Here are a couple of money saving tips to help drive traffic to your site at bargain basement prices.
Bid on Competitors URLs
You’d be amazed how many people type YouTube.com into a search engine instead of into the address bar. Each time someone types a competitor’s website address into Google, there’s an opportunity for you to show a very inexpensive ad to that consumer. You can make that ad even more compelling by advertising as an alternative to that competitor with their name in the ad copy. Sometimes these very targeted clicks will only cost you $0.05/per click.
Bid on Competitor’s Names
It’s the same idea as the URL, but you’re using the competitor’s name instead. Traffic from clicks like this can be very inexpensive and very targeted if you pick the right competitors.
Bid on Misspelled Words
This is different than Typosquatting. You’re just showing inexpensive ads to people who accidently fat-fingered their keyboard or mistyped the name. An ad like this could cost a fraction of the correctly spelled word. Use this tool http://tools.seobook.com/spelling/keywords-typos.cgi to help find typo’s of important keywords.

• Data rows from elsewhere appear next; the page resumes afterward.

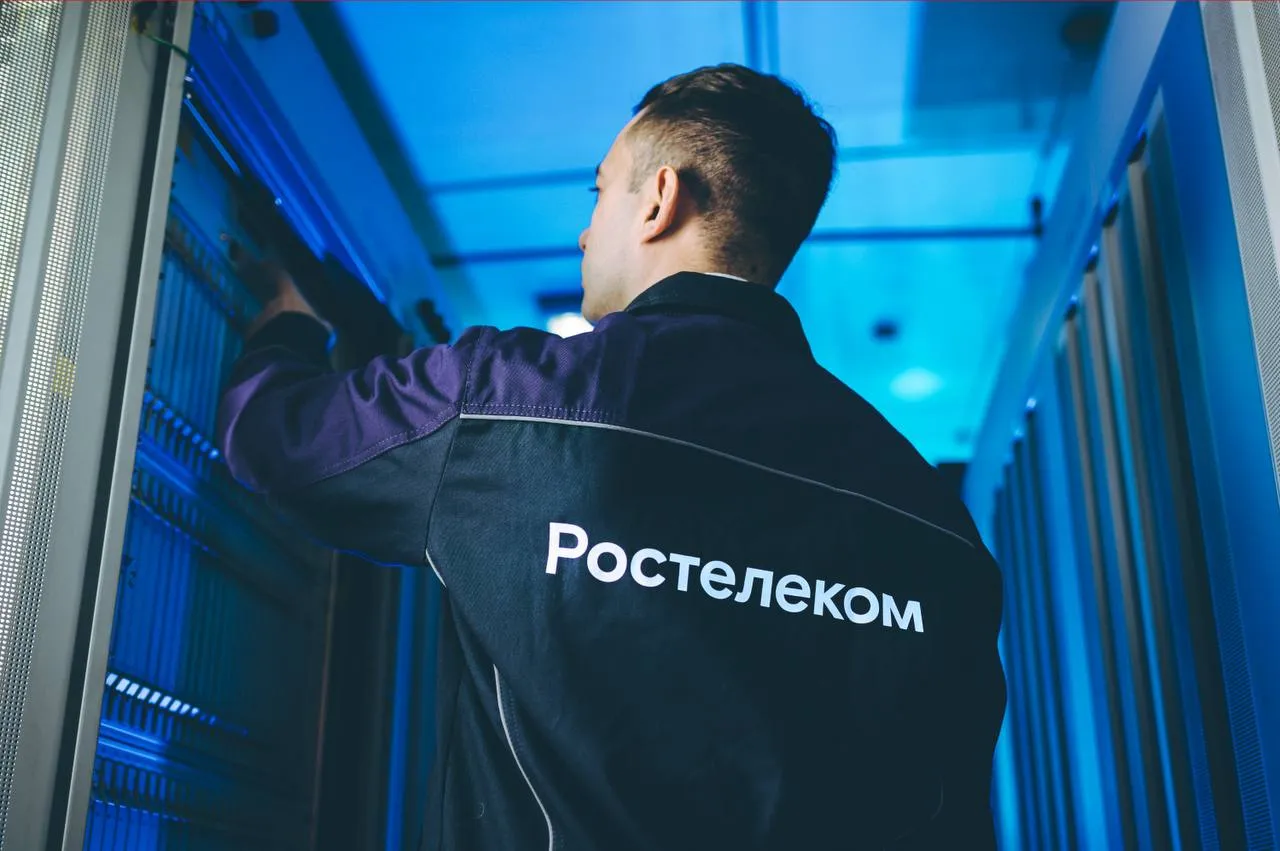 Ростелеком подключил ещё 1 6 тысяч домов к интернету в Якутске С начала 2026 года компания Ростелеком подключила к высокоскоростному интернету и цифровым сервисам более 1 6 тысячи домохозяйств в городском округе Город Якутск Новые возможности связи стали доступны для 1 4 тысячи жителей различных районов столицы республики включая улицы Три сосны и Красильникова а также для 200 семей в посёлке Жатай Работы по расширению сети ведутся с применением современной технологии GPON оптоволоконной линии связи которая прокладывается непосредственно до квартиры или частного дома Это обеспечивает стабильное соединение высокую скорость передачи данных и минимальную задержку сигнала Кроме того технология гарантирует высокий уровень безопасности и устойчивость к внешним помехам Заместитель директора филиала Сахателеком ПАО Ростелеком по работе с массовым сегментом Светлана Гирфанова отметила что компания продолжает системно развивать инфраструктуру и делает современные цифровые сервисы доступными для жителей республики Абонентам доступна скорость интернета до 200 Мбит с что позволяет комфортно работать учиться и пользоваться онлайн сервисами Министр инноваций цифрового развития и инфокоммуникационных технологий Якутии Петр Николаев подчеркнул значимость реализуемых проектов Развитие телекоммуникационной инфраструктуры один из ключевых приоритетов цифровой трансформации региона Расширение сети высокоскоростного интернета напрямую влияет на качество жизни людей открывает доступ к современным сервисам образованию и новым возможностям для самореализации Важно что такие проекты реализуются не только в столице но и охватывают пригородные территории отметил Петр Николаев Подписывайтесь на канал Мининноваций Якутии оперативные новости о связи ИТ и цифровых сервисах республики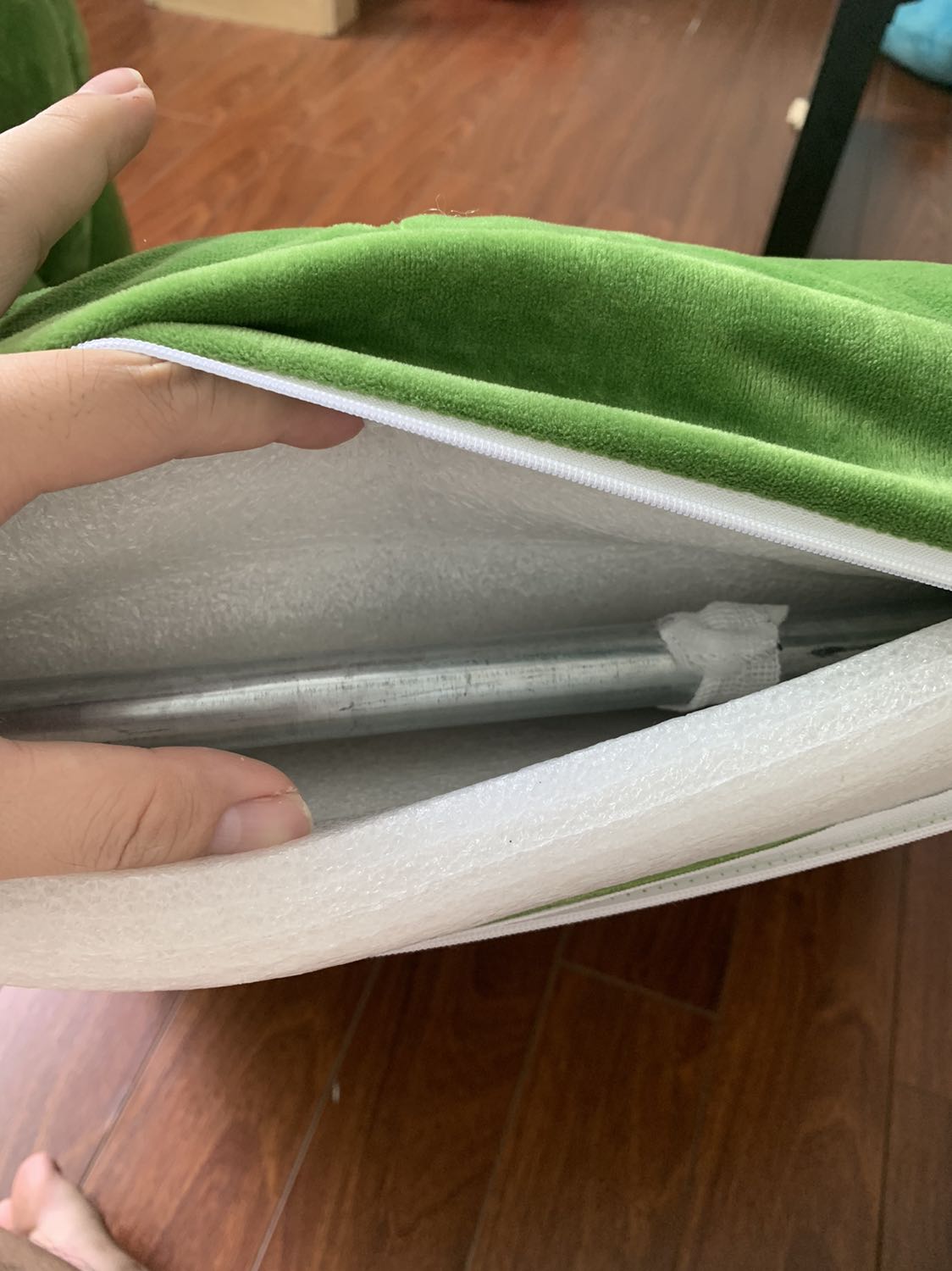 Ghế siêu mỏng ko êm, ngồi cấn mấy thanh sắt phía trong, ngôi lâu rất nóng, tuy báo 5 cấp độ nhưng minh chỉnh tới chinh lui chỉ thấy 1 cấp độ và khó chỉnh cảm giác không an toàn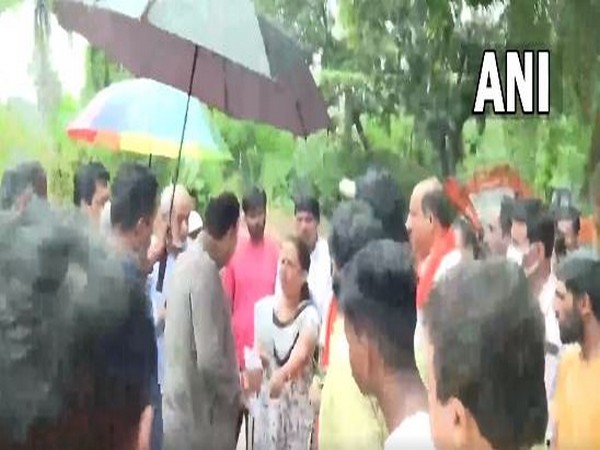 Karnataka BJP MLA Aravind Limbavali loses cool at Congress woman worker (Photo/ANI)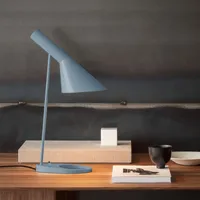 Louis Poulsen AJ Tischleuchte dusty blue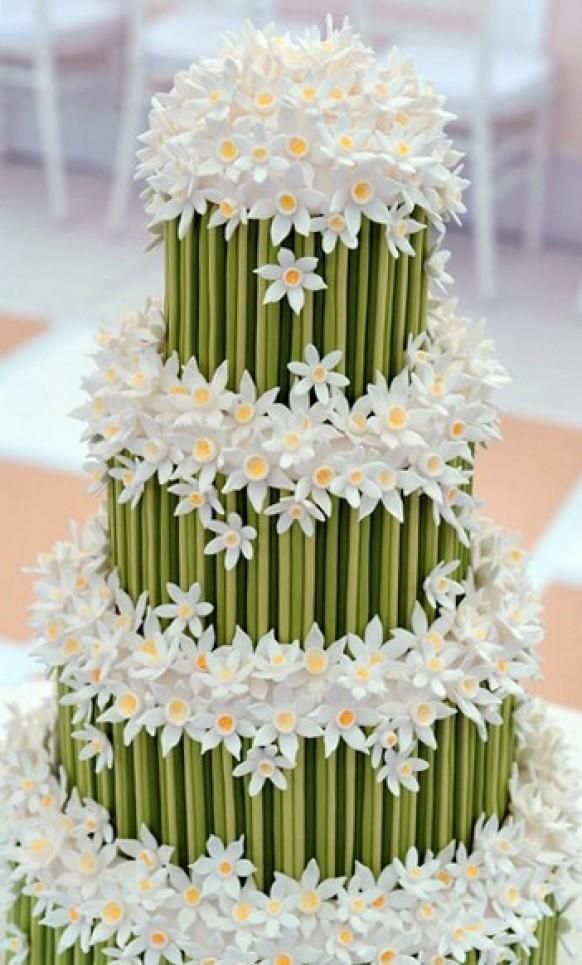 Guests' Attention is Captivated! The Floral-Adorned Wedding Cake is Absolutely Stunning♡にて紹介している画像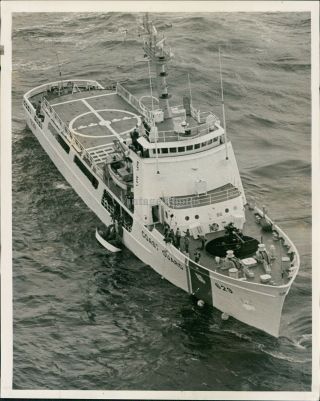 1966 Coast Guard Cutter Decisive Drug Smuggling Tours Seascape Ship Photo 8x10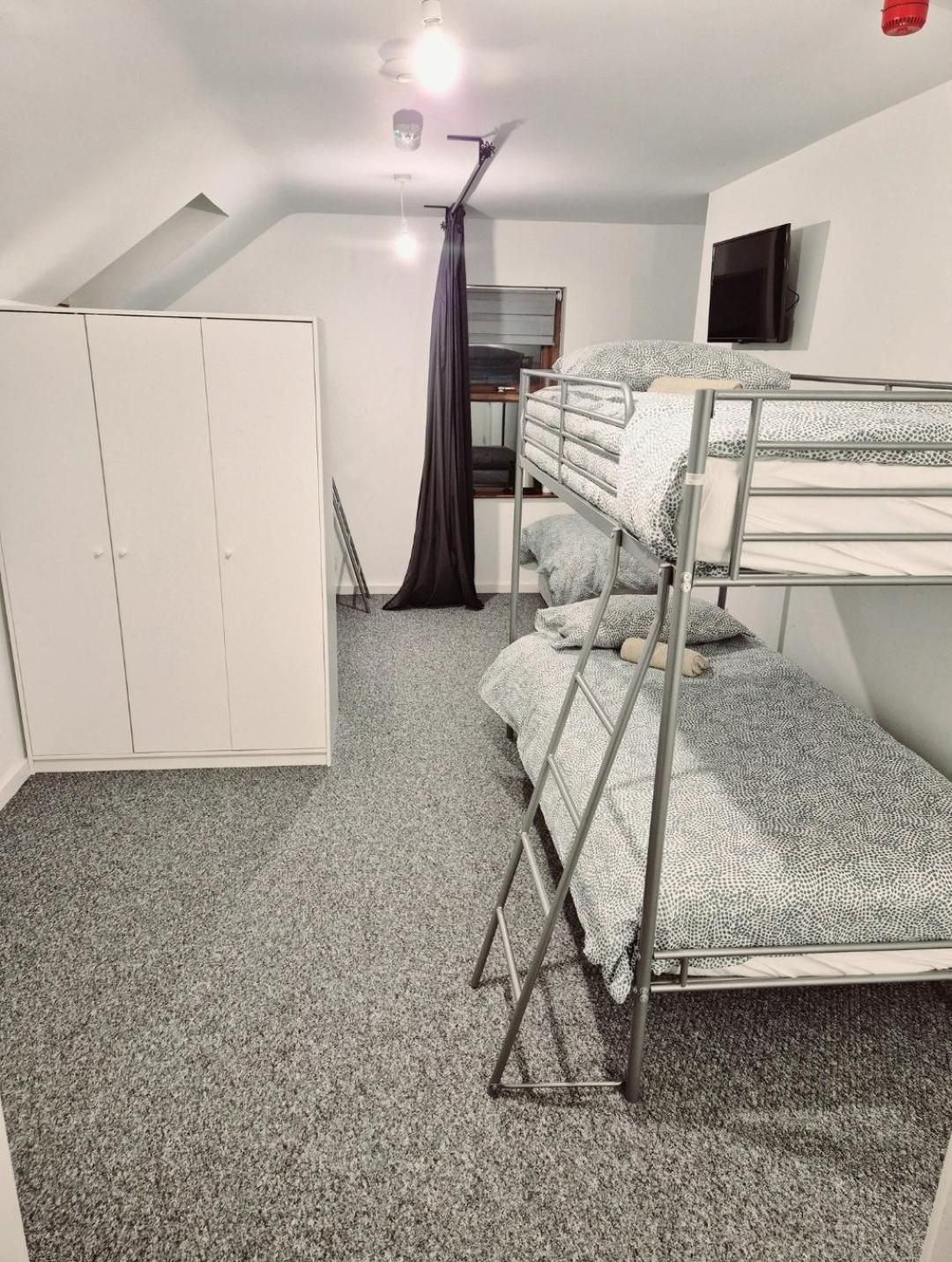 Laneway Hostel Lahinch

Test Your Site with Cheap PPC
Inexpensive tactics like this to drive traffic to your site is a great way to fine tune your product price points, try out new guarantees, experiment with special offers, etc before you even have a product to sell. The goal is to drive a bunch of traffic and see what offers are the most useful. With traffic like this at less than $0.10 per click, you can learn a lot about what works on your site and what needs to be changed. PPC can be expensive in the long run, but you can use tricks like these to experiment for a few dollars.